Article
作者: Aznar, M Angela ; Tanyi, Janos ; Plesa, Gabriela ; Hwang, Wei-Ting ; Siegel, Donald L ; Hexner, Elizabeth O ; Rennels, Austin K ; Kuramitsu, Shunichiro ; Nadolski, Gregory ; Gonzalez, Vanessa E ; Wilson, Wesley ; Barber-Rotenberg, Julie S ; Alexander, Katherine A ; Brennan, Andrea ; Torigian, Drew A ; Fraietta, Joseph A ; Rech, Andrew J ; Zhang, Zhen ; June, Carl H ; Young, Regina M ; Donahue, Greg ; Good, Charly R ; Dowd, Emily ; Glastad, Karl M ; Gonzales, Donna ; Watts, Alex ; Jadlowsky, Julie K ; O'Hara, Mark H ; Berger, Shelley L ; Haas, Andrew ; Agarwal, Sangya ; Huang, Hua
Patients with advanced pancreatic ductal adenocarcinoma (PDAC) have a median survival of less than a year, highlighting the urgent need for treatment advancements. We report on a phase 1 clinical trial assessing the safety and feasibility of intravenous and local administration of anti-mesothelin CAR T cells in patients with advanced PDAC. While therapy is well tolerated, it demonstrates limited clinical efficacy.

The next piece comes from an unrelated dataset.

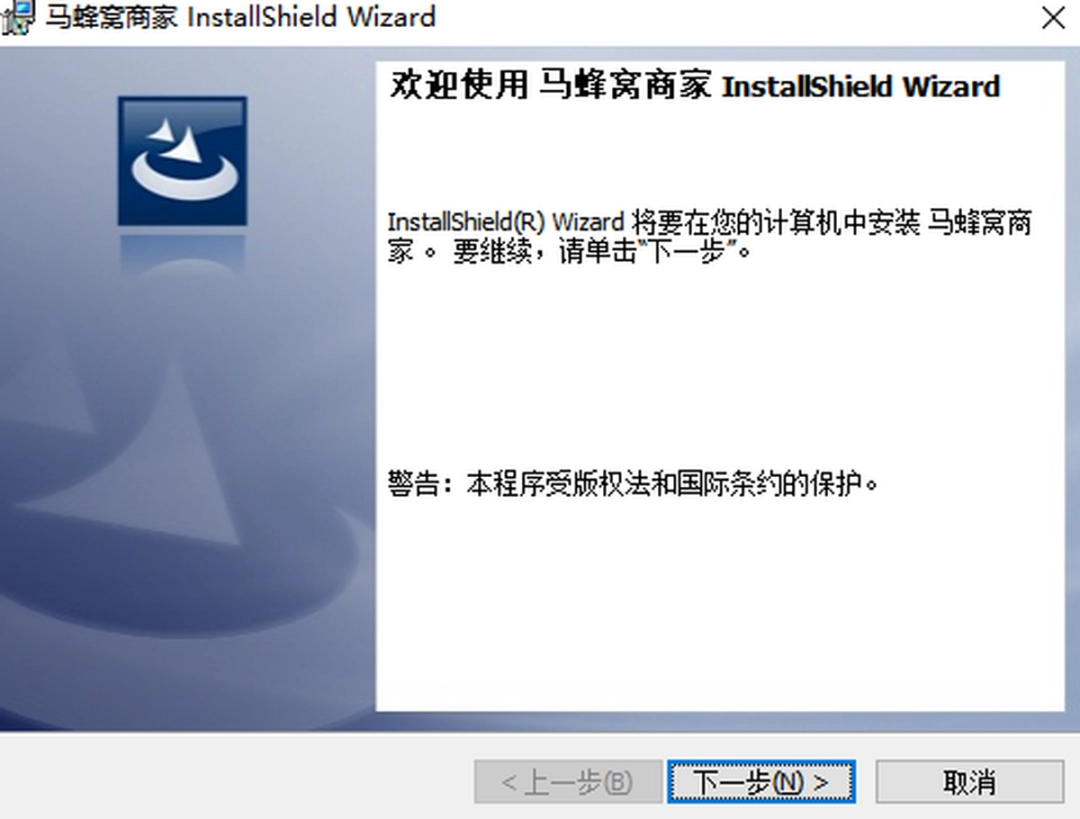 马蜂窝商家v3.0.7.0下载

Analyses of patient samples provide insights into mechanisms of treatment resistance. Single-cell genomic approaches reveal that post-infusion CAR T cells express exhaustion signatures, including previously identified transcription factors ID3 and SOX4, and display enrichment for a GZMK+ phenotype. Single knockout of ID3 or SOX4 enhances efficacy in xenograft models, though with donor-dependent variability. However, single-knockout cells eventually fail. Conversely, ID3 and SOX4 double-knockout CAR T cells exhibit prolonged relapse-free survival, demonstrating a sustained therapeutic effect and a potential avenue for engineering more potent CAR T cells in PDAC. This study was registered at ClinicalTrials.gov (NCT03323944).